Malaysian politics have been the biggest threat to the Kuala Lumpur stock market ever since the ruling Barisan National Coalition lost five by states (including economically significant Serak and Selangor) to the opposition, led by the charismatic former finance minister Anwar Ibrahim. Of course, prime minister Abdullah Badawi’s decision to hand over power to deputy PM Najib Razak does not remove political uncertainty as UMMO faces its own internal fissures, as does the opposition. In any case, plunges in the international prices of crude oil, natural gas, tin, rubber and palm oil is extremely bearish for Malaysian equities. It is pointless to bottom fish in the KLCI as long as commodities prices are in free fall. However, the fall in the Malaysian ringgit due to the global commodities bear market benefits specific domestic shares. For instance, YTL Power’s UK Wessex subsidiary contributes the majority of earnings and Malaysian Oil Company Wah Seong devices one fourth of its concessions from outside Malaysia. It is also likely that we could see earnings downgrades in Malaysia.
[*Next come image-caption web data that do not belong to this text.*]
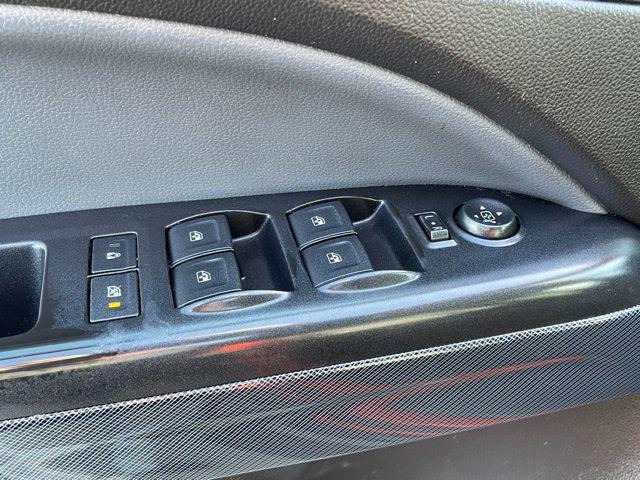 used 2016 Chevrolet Colorado car, priced at $10,000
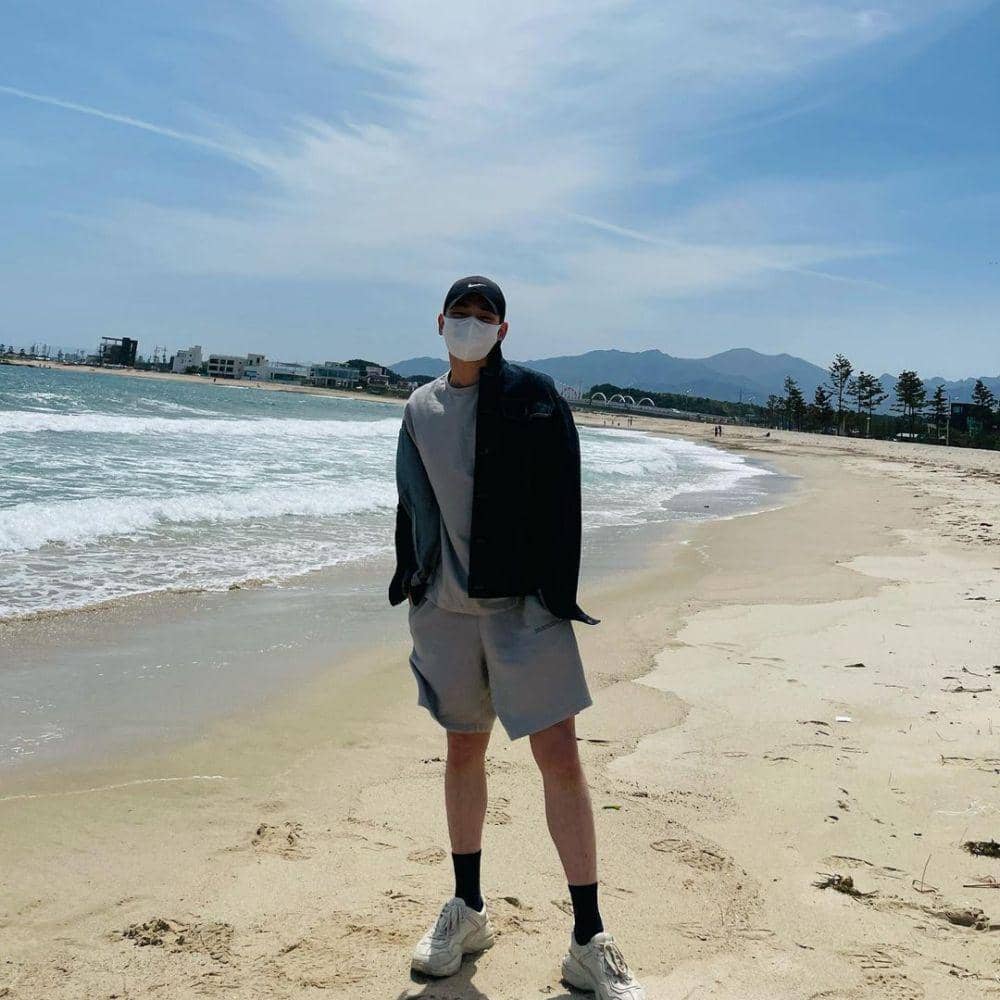 short pants ala Key SHINee (instagram.com/bumkeyk)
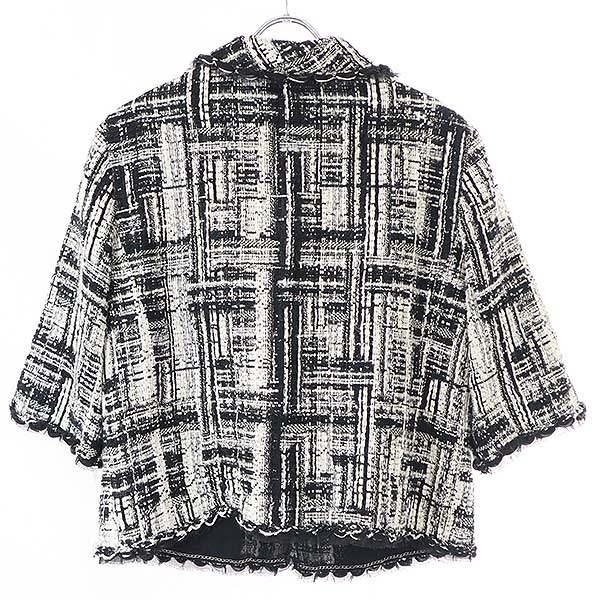 シャネル　CHANEL ツイードジャケット　ココボタン　ホワイト×ブラック CHANEL シャネル ツイードジャケット ココマークボタン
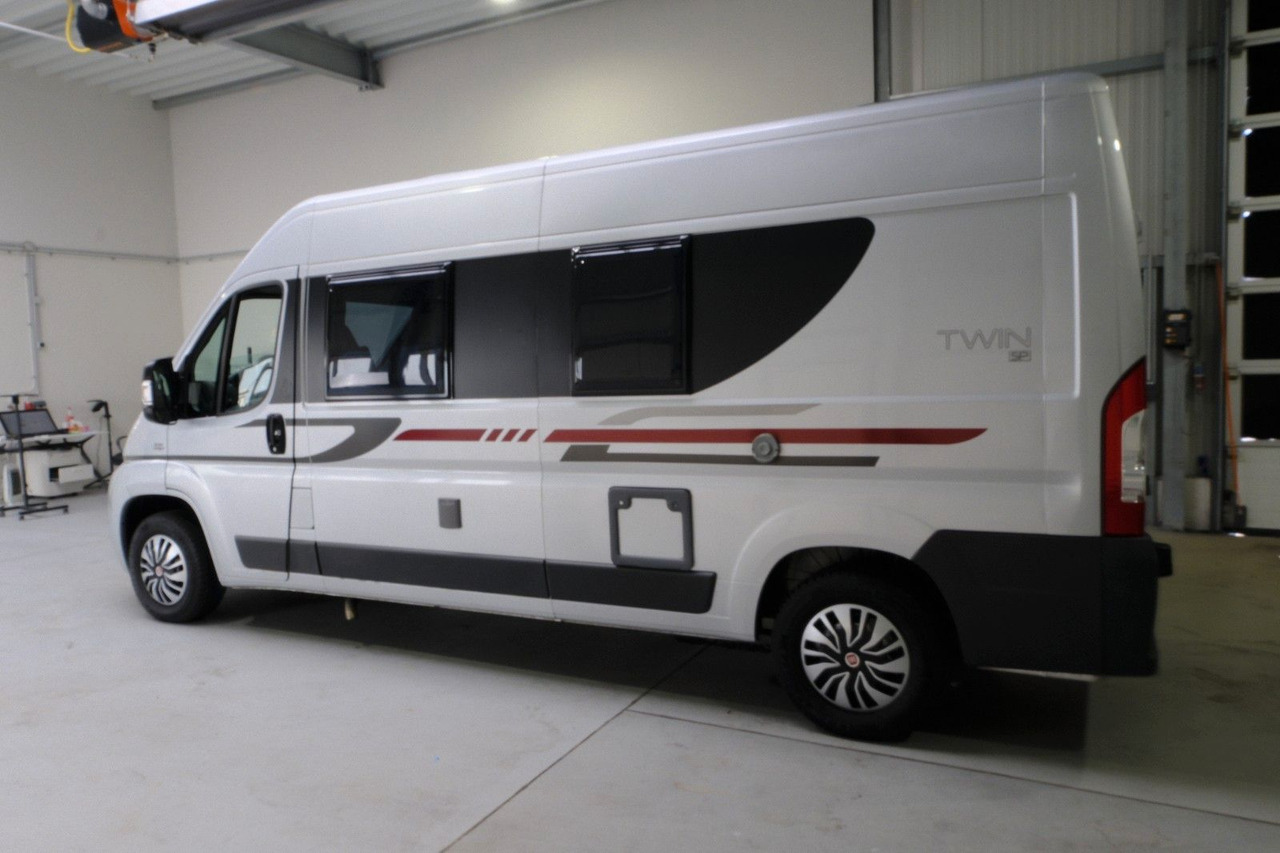 Adria Twin 600/Festbett/Klima/Solar/Markise/Finanz. - Xe van cắm trại: hình 4 Adria Twin 600/Festbett/Klima/Solar/Markise/Finanz. - Xe van cắm trại: hình 4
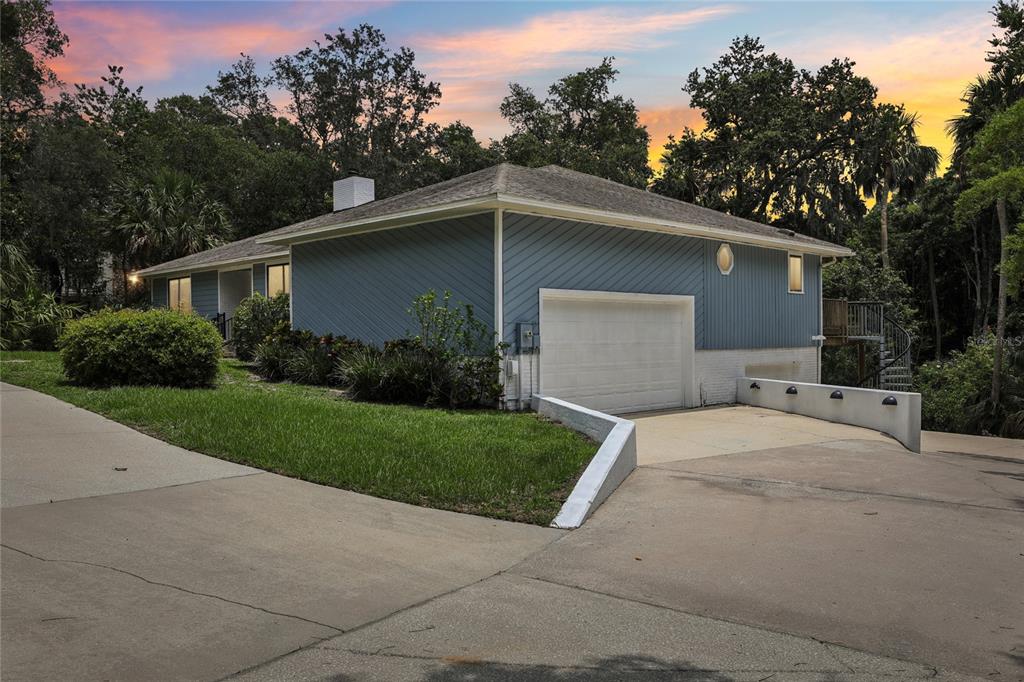 Port Orange, Florida, 32127, United States, 5 Bedrooms Bedrooms, ,4 BathroomsBathrooms,Residential,For Sale,1857697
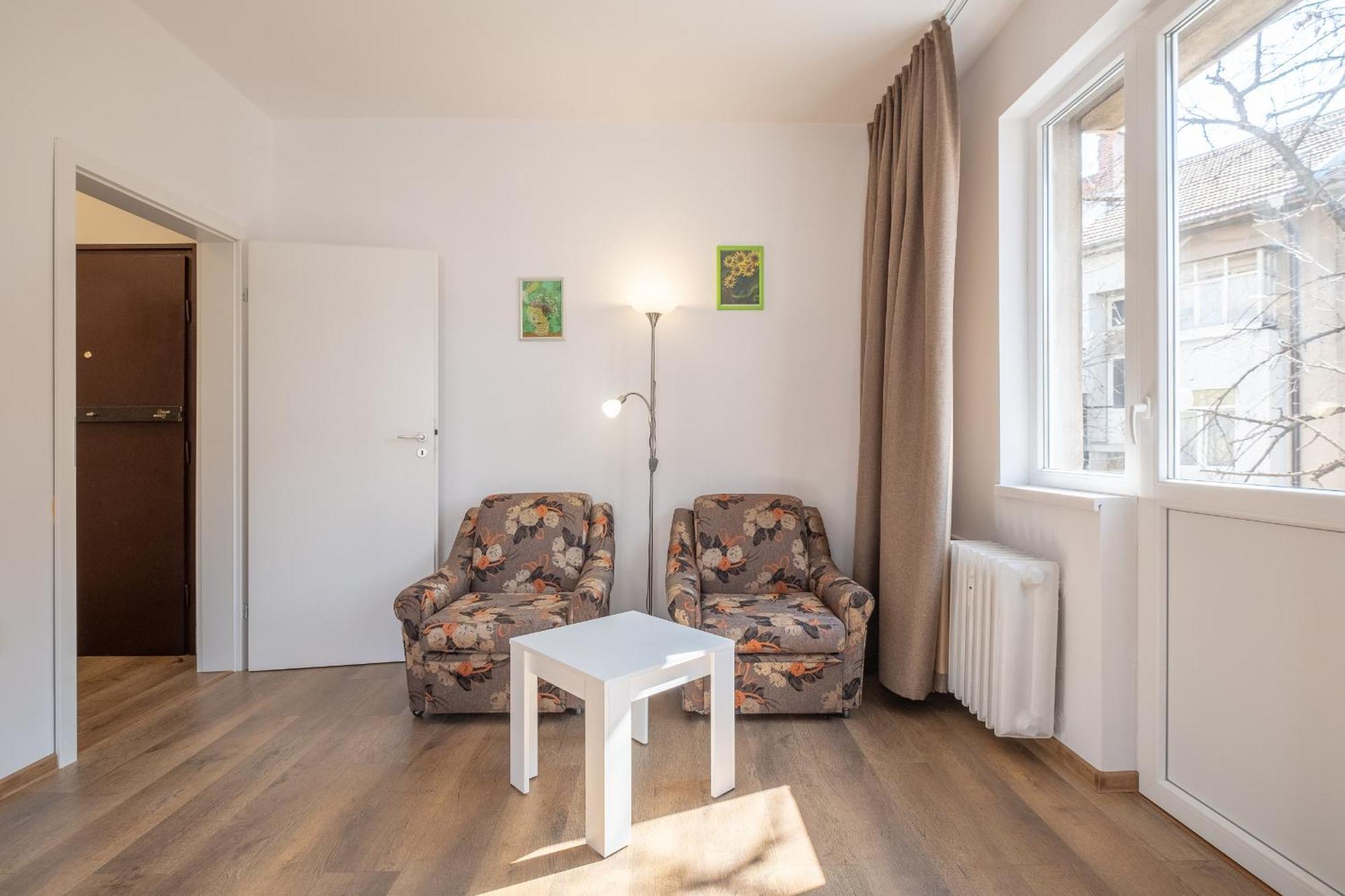 Apartment Peaceful Downtown Location - 2 Bedroom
While Kuala Lumpur is not expensive at 12 times earnings, there are three major macro forces (politics, falling commodities prices, and earnings downgrades) that could well take the index down to 700, an incredible 50 per cent below its 1400 peak last December.

Shocks on the Indian subcontinent
It is iconic that not even the fall of crude oil below $80 and the Reserve Bank of India’s cash reserve ratio cut did nothing to arrest the downward spiral in the BSE Sensex, which has fallen to 10,500. India was the darling of foreign fund managers during the bull market and the exit of FII’s from the Dalal Street has not being compensated by local buying. Meanwhile, the closure of offshore finance markets means capex (capital expenditure) has slumped and a crash in the over inflated property market is inevitable. India’s excessive twin budget/trade deficits mean risk aversion and political uncertainty hits the Indian rupee even when monetary policy is tight. A general election in 2009 is another source of political risk.

The lessons of 2008 for investors in India are profound. One, valuations matter. Indian shares traded at ridiculously high P/E ratios in 2007, above 20. High valuation markets get slammed when investor sentiment turns bearish. Two, land and share prices cannot rise when the Reserve Bank tightens credit, no matter how compelling the growth story. Three, Indian stock markets cannot rise when foreign hot money flees the Sensex. The exit of $10bn in FII funds led the Sensex to lose 10,000 points since the index peaked at 21,000 in January 2008. India now faces an industrial and consumer recession. I would not be surprised if the Sensex drops to 8000 in 2009.